Dünya hızla küçülüyor. Küreselleşme, göç hareketleri, dijitalleşme ve uluslararası iş birlikleri, iş hayatımızı ve sosyal yaşamımızı daha önce hiç olmadığı kadar çok kültürlü bir hale getirdi. Artık aynı masada farklı ülkelerden, farklı dillerden, farklı yaşam alışkanlıklarından gelen insanlar oturuyor. Son dönemde çok fazla karşıma çıkan yeni bir beceriden bahsediliyor. Kültürel Zekâ (Cultural Quotient – CQ). Ben de “Nedir bu kültürel zeka ?” diyerek araştırdım ve bu yazımı sizler için kaleme aldım.
Kültürel zekâ kavramı ilk kez 2003 yılında Christopher Earley ve Soon Ang tarafından literatüre kazandırılmış. Geliştirdikleri model, bireylerin farklı kültürlerde nasıl daha etkili olabileceklerini anlamak üzerineydi. Daha sonra David Livermore gibi araştırmacılar bu modeli geliştirerek iş dünyasında, liderlikte ve kurum kültüründe uygulanabilir hale getirdi.

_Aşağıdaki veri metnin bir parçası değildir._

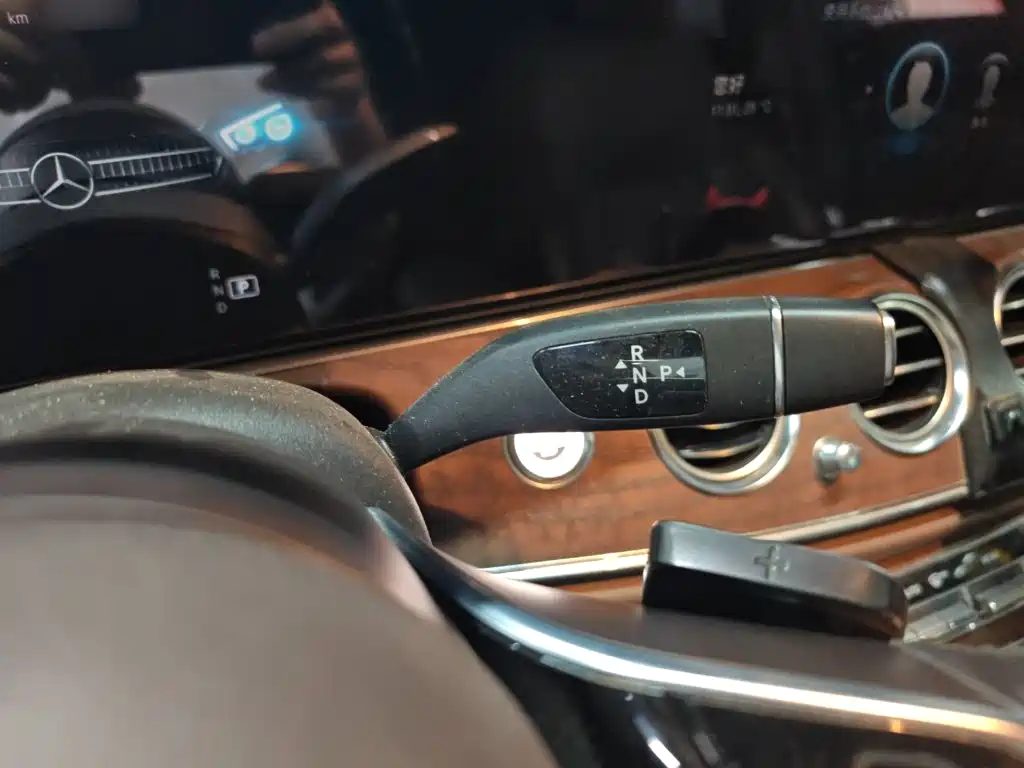 Mercedes-Benz E-Class — миниатюра 9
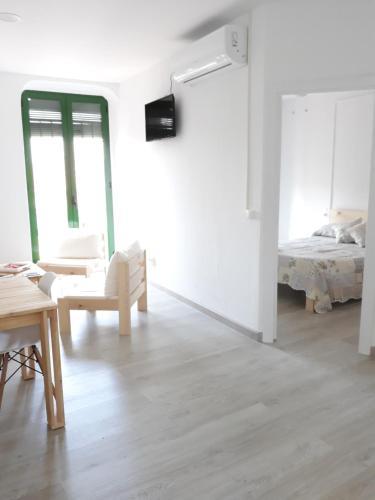 Apartament Via De L'imperi Rom�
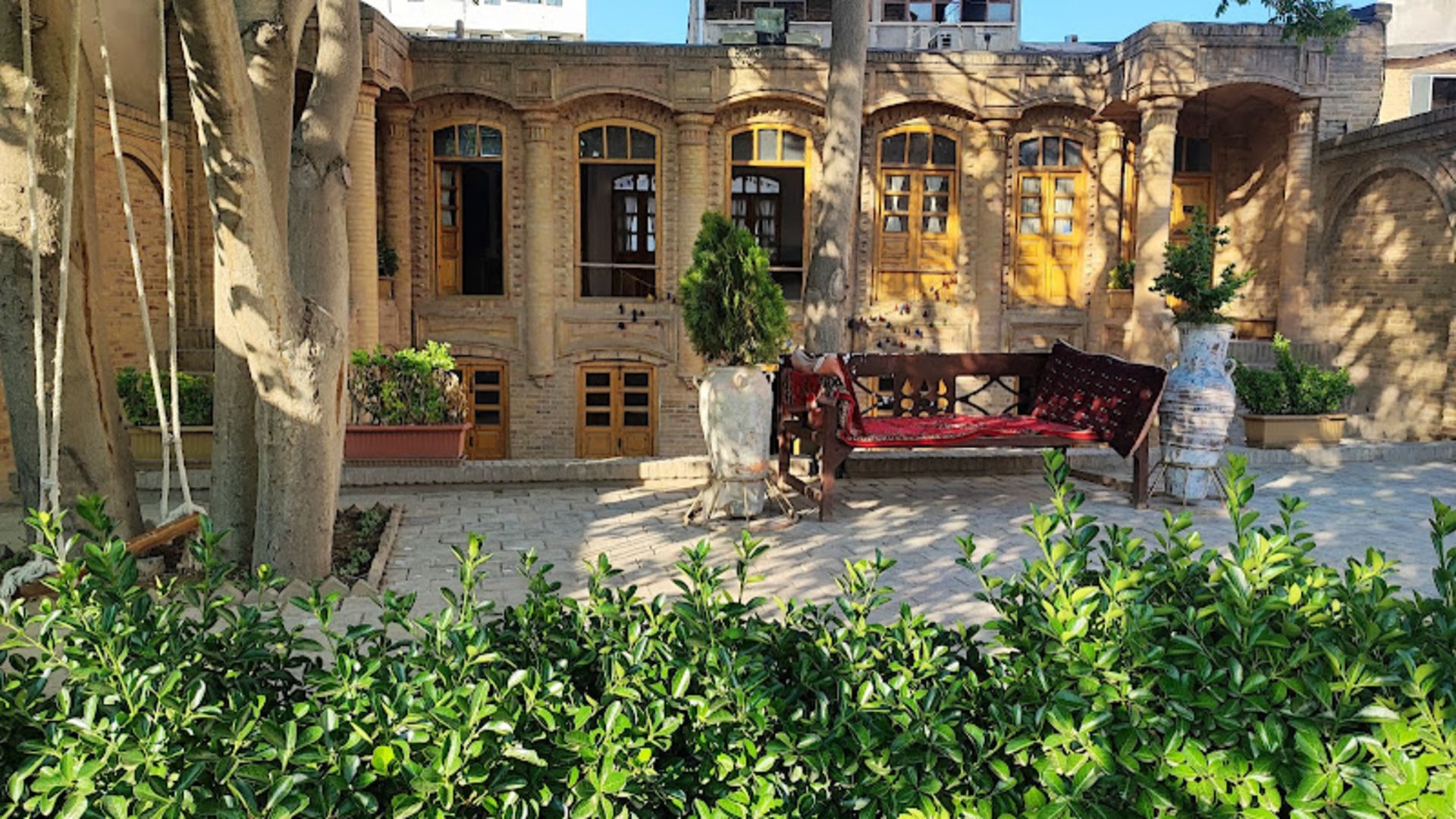 حیاط خانه تاریخی توکلی مشهد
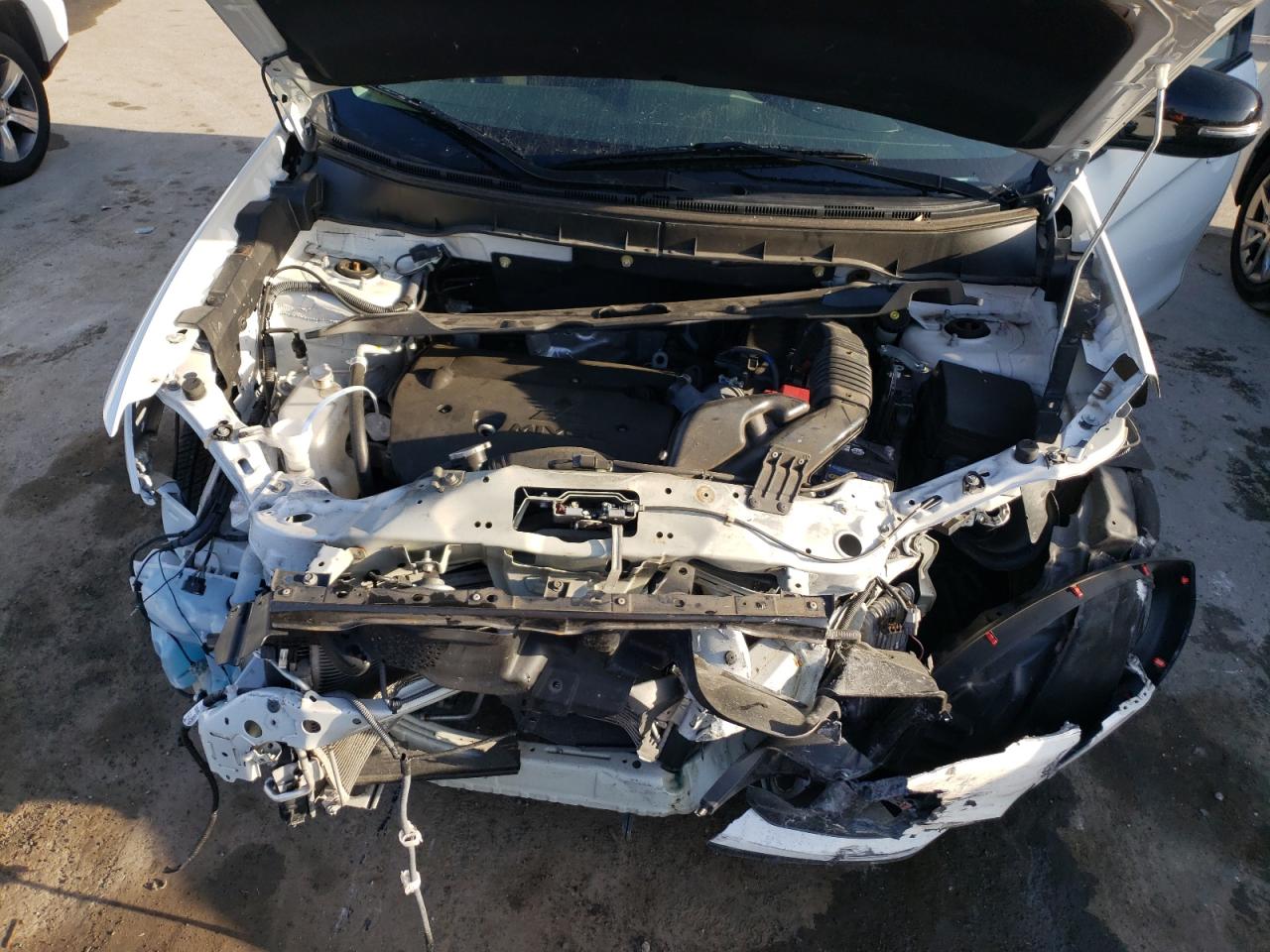 Photo 7 from auction – 2017 MITSUBISHI OUTLANDER with VIN JA4AP3AU2HZ049883
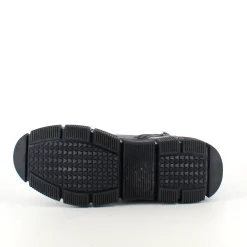 Sort støvle med stødabsorberende sål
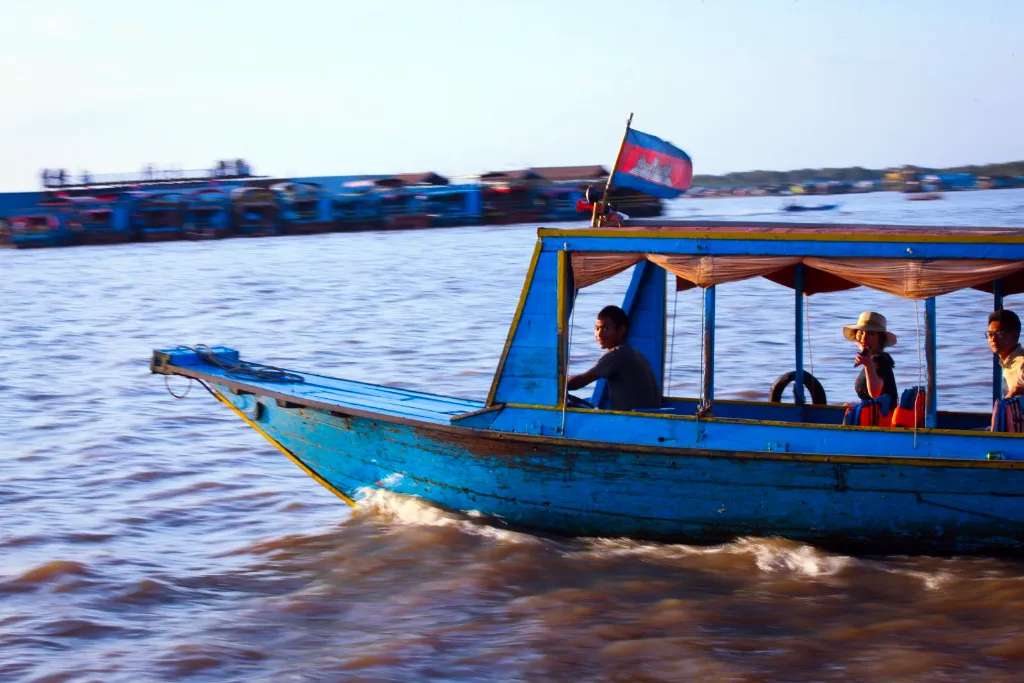 Di chuyển bằng thuyền bé của các ngư dân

Bugün CQ; akademide, şirketlerde ve liderlik eğitimlerinde yaygın biçimde kullanılan temel bir kavram haline gelmiş bulunuyor.
IQ, bilişsel kapasitemizi; EQ, duygularımızı anlamamızı ve yönetmemizi tanımlıyor. Bugün geldiğimiz noktada çok kültürlü ortamlarda bunlar tek başına artık yeterli gelmiyor. İşte burada devreye CQ giriyor. Kısaca, farklı kültürlerden gelen insanlarla etkili iletişim kurma, işbirliği yapma ve uyum sağlama yeteneği olarak tanımlanıyor.
Kültürel zekânın dört boyutu bulunmakta: Motivasyonel CQ: Farklı kültürlerle etkileşim kurma isteği, Bilişsel CQ: Kültürel farklılıklar hakkında bilgi sahibi olma , Davranışsal CQ: Uygun ve esnek davranışlar geliştirebilme, Metabilişsel CQ: Kendi önyargılarının farkında olup stratejik düşünebilme. Araştırmalar, kültürel zekânın bireyler ve kurumlar için vazgeçilmez olduğunu da net biçimde ortaya koyuyor.
Rockstuhl ve arkadaşlarının 2011’de yaptığı çalışmaya göre, CQ liderin uluslararası ortamlardaki başarısının yaklaşık %25’ini açıklıyor. Yani IQ ve EQ güçlü olsa bile, farklı kültürlerde etkili olmak için CQ ayrı bir belirleyicidir diye tanımlanıyor - Sınır Ötesi Liderlik 2023 yılında Almanya merkezli şirketlerin Malezya’daki iştiraklerinde yapılan bir araştırma, yöneticilerin kültürel zekâsının, inovasyon ve bilgi paylaşımının firma performansına etkisini güçlendirdiğini gösteriyor. Global pazarlarda rekabet avantajı için CQ kritik bir etken olarak tanımlanıyor. 2020’de İran’da yapılan bir çalışma, liderin CQ düzeyinin doğrudan örgütsel performansı artırdığını, ayrıca kurumun yapısı destekleyici olduğunda bu etkinin daha da güçlendiğini ortaya koyuyor.
Kurumsal Performans
Günümüz iş dünyasında bu yetkinlik, özellikle de uluslararası ticaretin merkezlerinden biri olan Bursa gibi şehirler için kritik bir rol oynayacaktır. Otomotiv, makine, tekstil ve savunma sanayii alanlarında faaliyet gösteren şirketlerimiz global pazarlara açılırken, yabancı ortaklarla çalışırken veya farklı ülkelerden mühendisleri istihdam ederken kültürel zekâya sahip yöneticilere ve çalışanlara ihtiyaç duyacaktır.
Unutmamalıyız ki teknoloji çağında, yapay zekâ ve otomasyon pek çok işi üstlenecek. Ama insanın insana temasını, empatiyi, farklı kültürleri anlamayı makineler yapamayacak. İşte tam da bu nedenle kültürel zekâ, geleceğin en değerli insan yetkinliklerinden biri olacak. Kültürel zekâ, sadece iş başarısının değil, aynı zamanda birlikte yaşamanın, toplumsal barışın ve ortak bir gelecek inşa etmenin anahtarı olacaktır. Hepimiz CQ’muzu geliştirmek için adım atmalı, farklılıklarla güçlenmeyi öğrenmeliyiz.